* [AVAILABLE DATA]
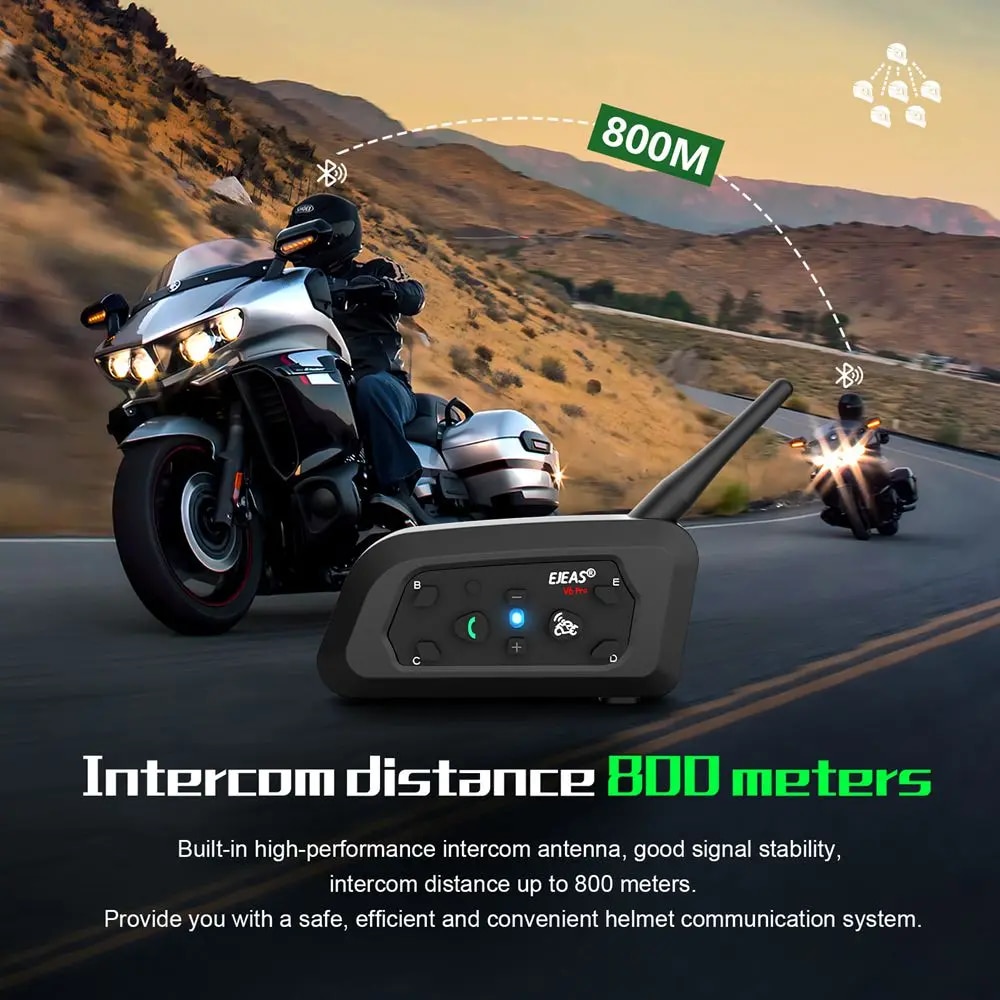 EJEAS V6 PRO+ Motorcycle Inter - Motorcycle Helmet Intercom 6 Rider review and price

* * *

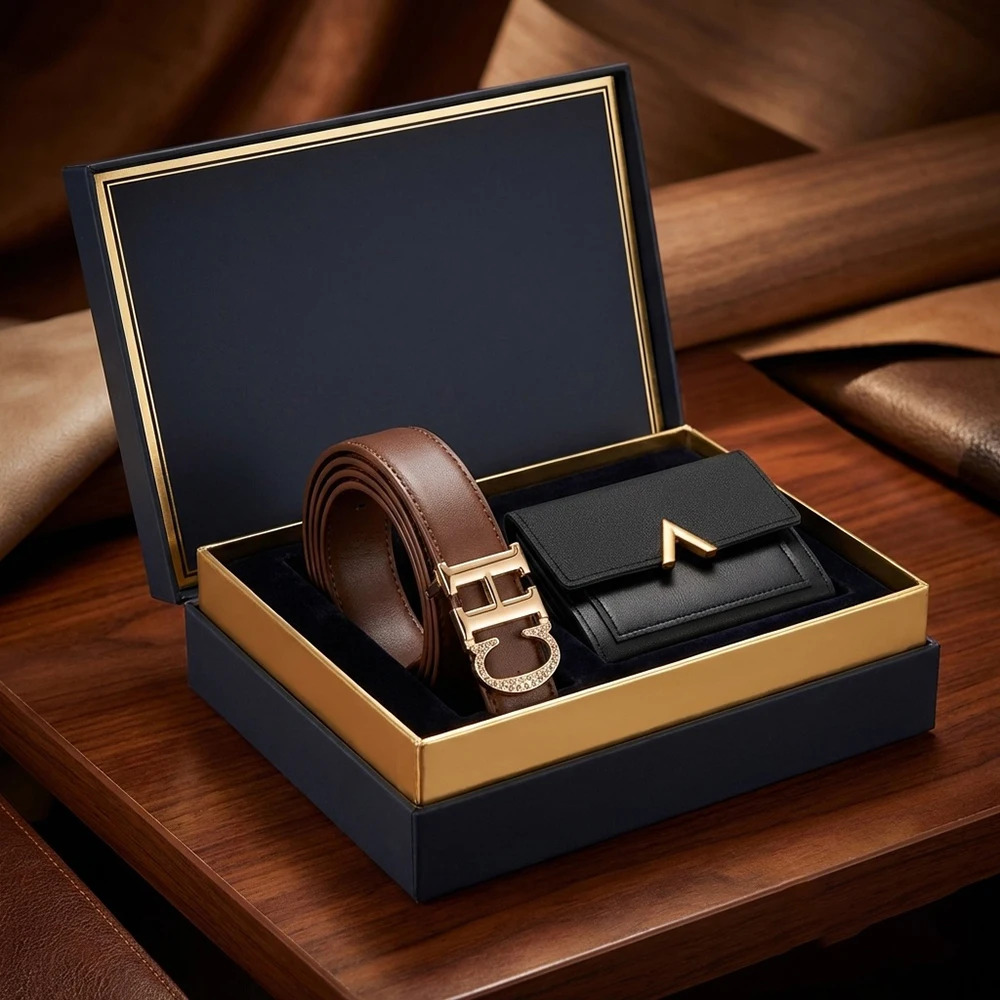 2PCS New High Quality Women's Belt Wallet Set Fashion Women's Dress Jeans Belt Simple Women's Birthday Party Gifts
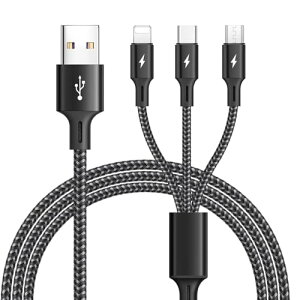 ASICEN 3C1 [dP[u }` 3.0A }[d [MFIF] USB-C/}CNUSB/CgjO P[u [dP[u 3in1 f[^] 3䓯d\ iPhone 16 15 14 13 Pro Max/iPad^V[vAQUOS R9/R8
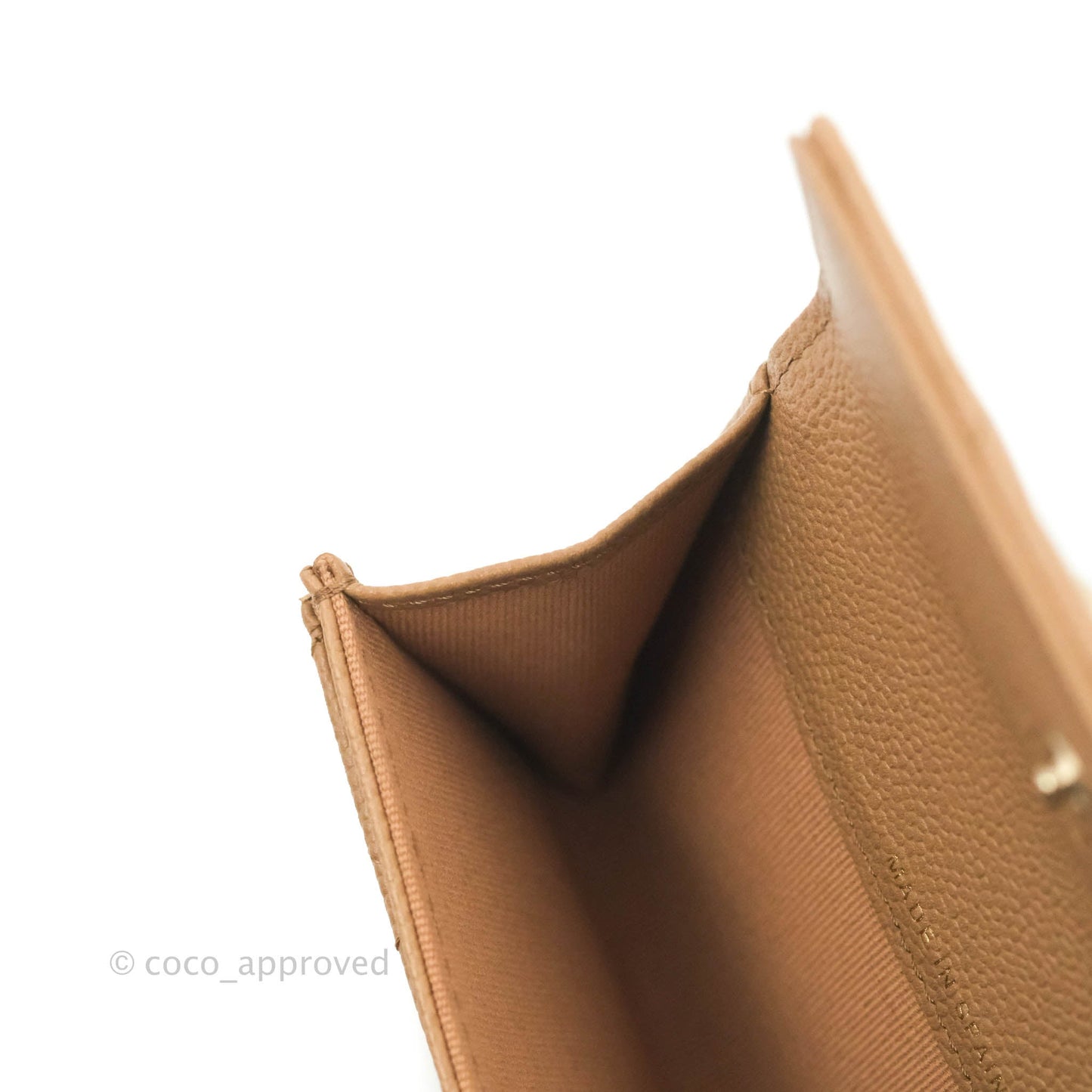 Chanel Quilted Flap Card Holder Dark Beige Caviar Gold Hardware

* [PROBLEM DESCRIPTION] What is needed is an exact copy of the lines above from the one with "2PCS New High" to the one with "ASICEN 3C1 [dP[u", both ends kept, and nothing more; please leave the pictures out.

* [TASK OUTPUT]
 2PCS New High Quality Women's Belt Wallet Set Fashion Women's Dress Jeans Belt Simple Women's Birthday Party Gifts
 ASICEN 3C1 [dP[u }` 3.0A }[d [MFIF] USB-C/}CNUSB/CgjO P[u [dP[u 3in1 f[^] 3䓯d\ iPhone 16 15 14 13 Pro Max/iPad^V[vAQUOS R9/R8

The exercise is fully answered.